- WHAT THE EXERCISE ASKS
Retype, word for word, every line from the one holding "カードローン審査に居住形態はほぼ影響しない" through the one holding "12時間以内に返信 12時間形式を24時間形式に変換 | 生成AIを利用した無料の文字列" in the entries below, both included, and only those lines.

━━ STUDY MATERIAL

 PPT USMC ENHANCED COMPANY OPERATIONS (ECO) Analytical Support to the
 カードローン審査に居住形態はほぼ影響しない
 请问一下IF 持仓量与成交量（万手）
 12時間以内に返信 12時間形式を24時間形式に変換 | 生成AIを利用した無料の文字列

━━━━
━━ STUDY MATERIAL

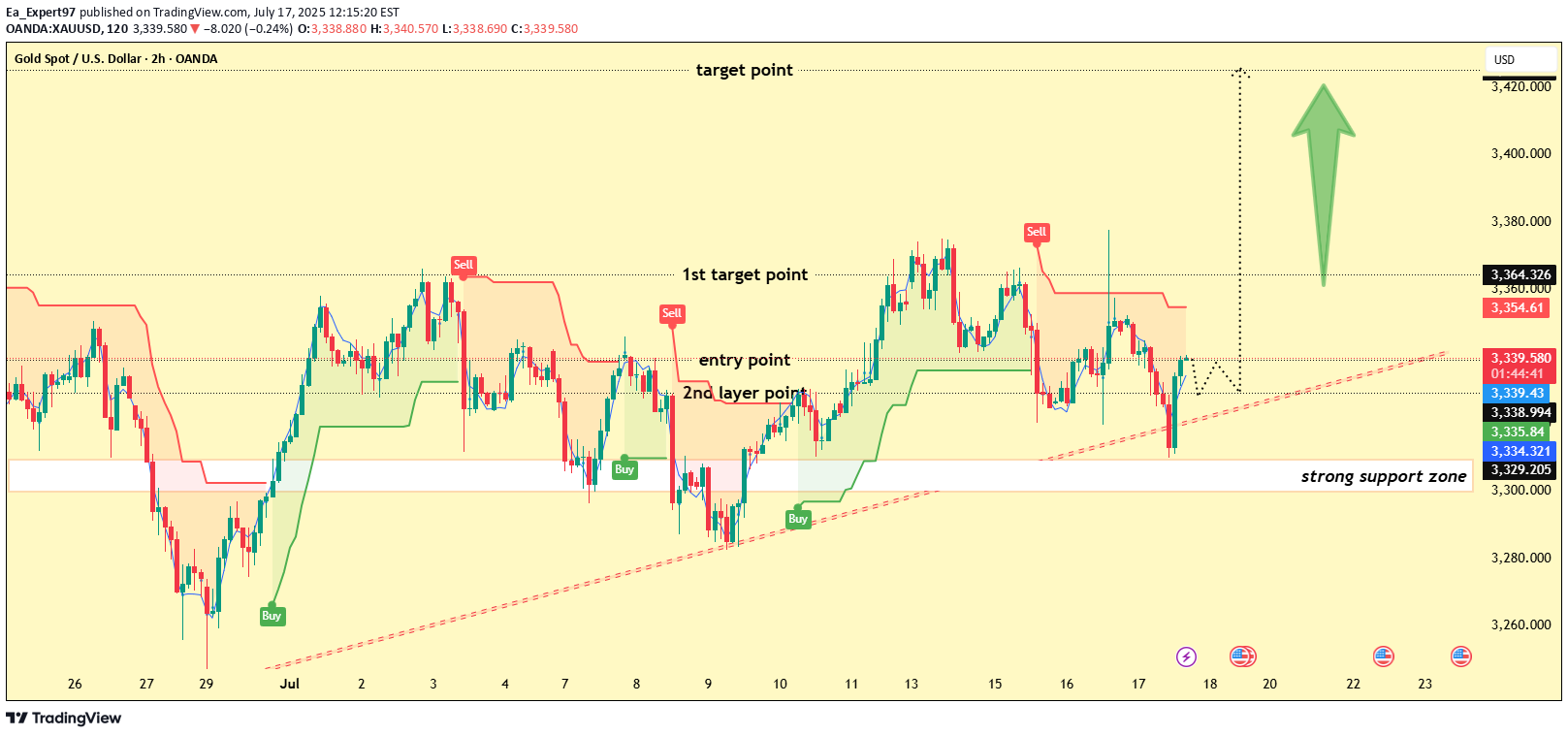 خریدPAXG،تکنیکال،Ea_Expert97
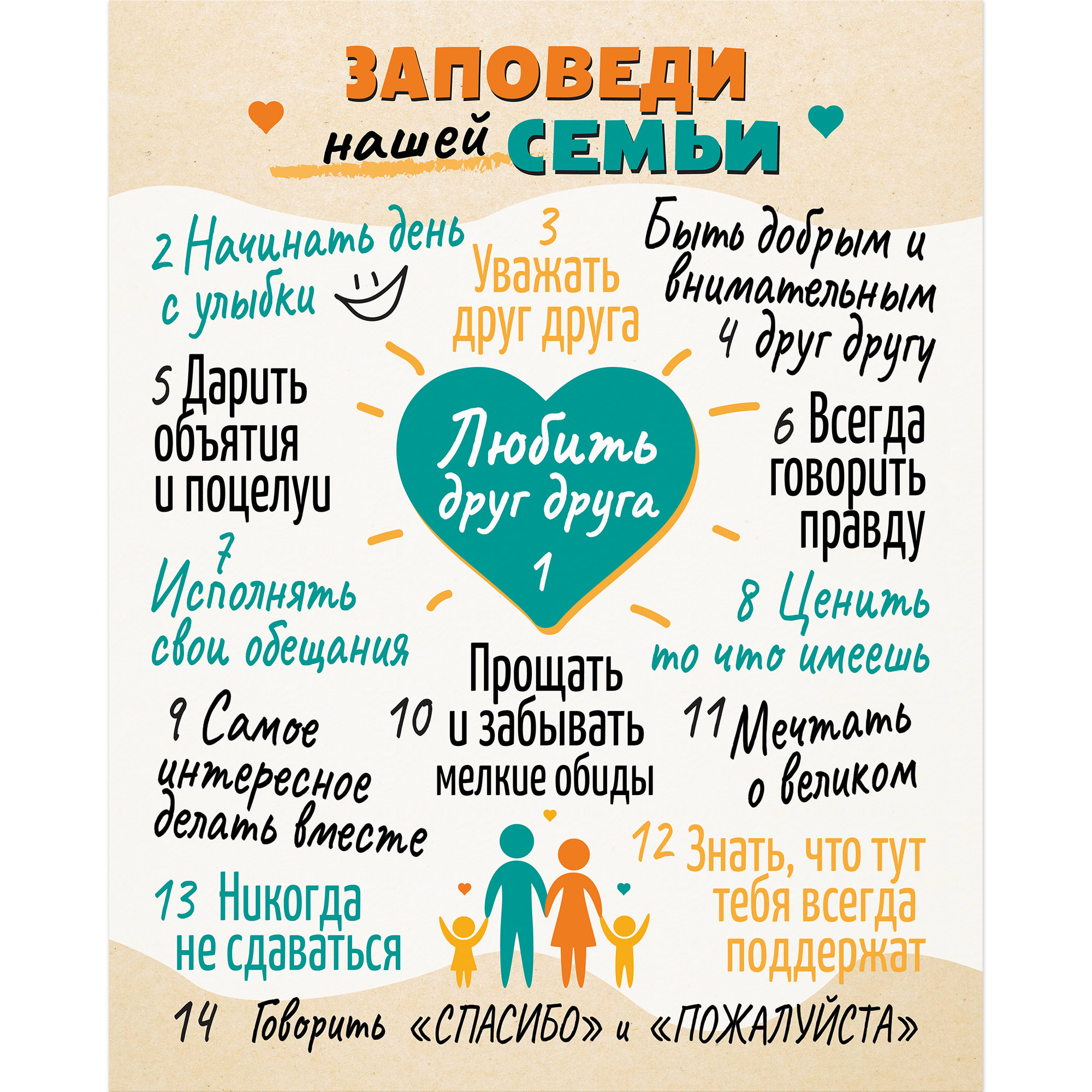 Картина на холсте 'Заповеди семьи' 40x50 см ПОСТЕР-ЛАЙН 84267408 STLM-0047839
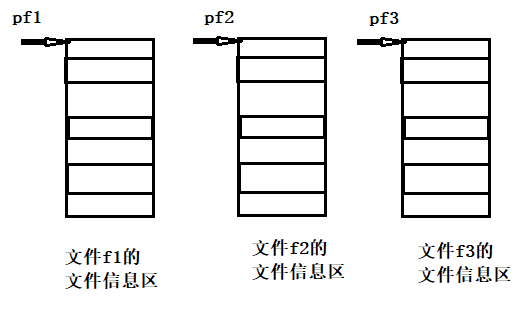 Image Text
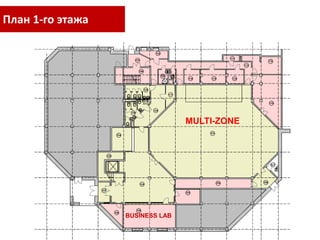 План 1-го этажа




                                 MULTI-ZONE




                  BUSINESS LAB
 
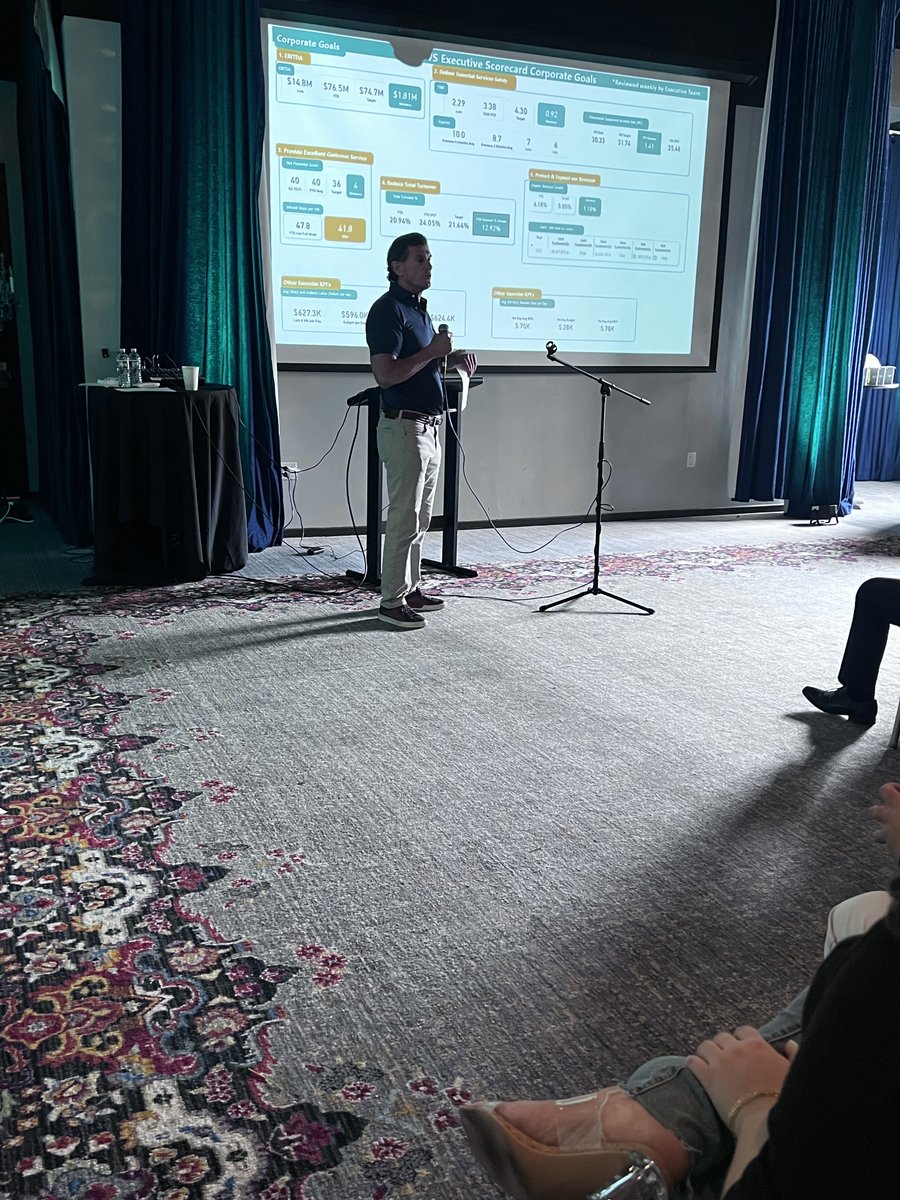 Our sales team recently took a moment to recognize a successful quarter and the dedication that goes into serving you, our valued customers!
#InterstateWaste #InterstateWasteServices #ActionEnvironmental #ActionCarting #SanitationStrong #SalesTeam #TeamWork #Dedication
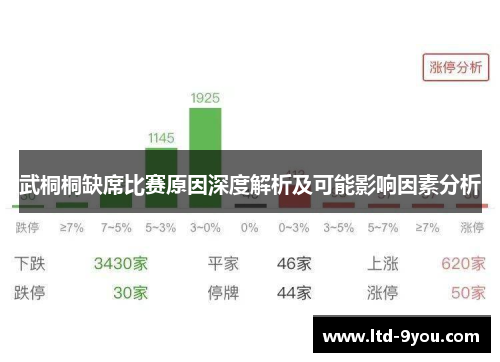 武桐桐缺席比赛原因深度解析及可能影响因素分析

━━━━
━━ STUDY MATERIAL

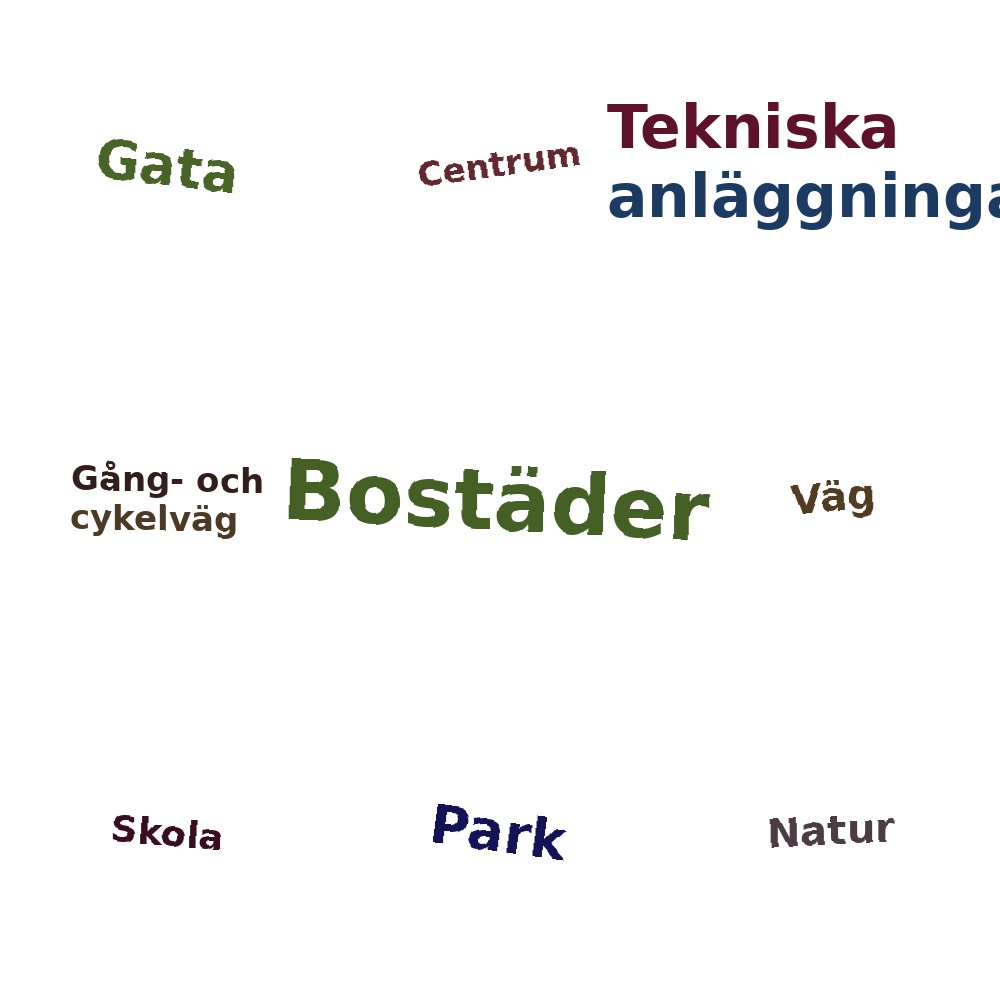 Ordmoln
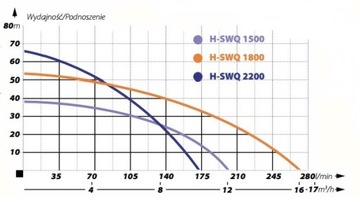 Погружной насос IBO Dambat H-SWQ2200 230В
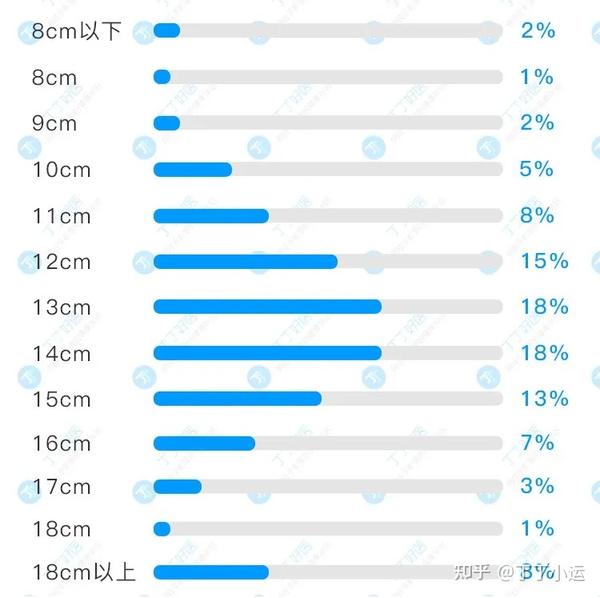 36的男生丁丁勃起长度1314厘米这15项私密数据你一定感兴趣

━━━━

- SOLUTION BELOW
 カードローン審査に居住形態はほぼ影響しない
 请问一下IF 持仓量与成交量（万手）
 12時間以内に返信 12時間形式を24時間形式に変換 | 生成AIを利用した無料の文字列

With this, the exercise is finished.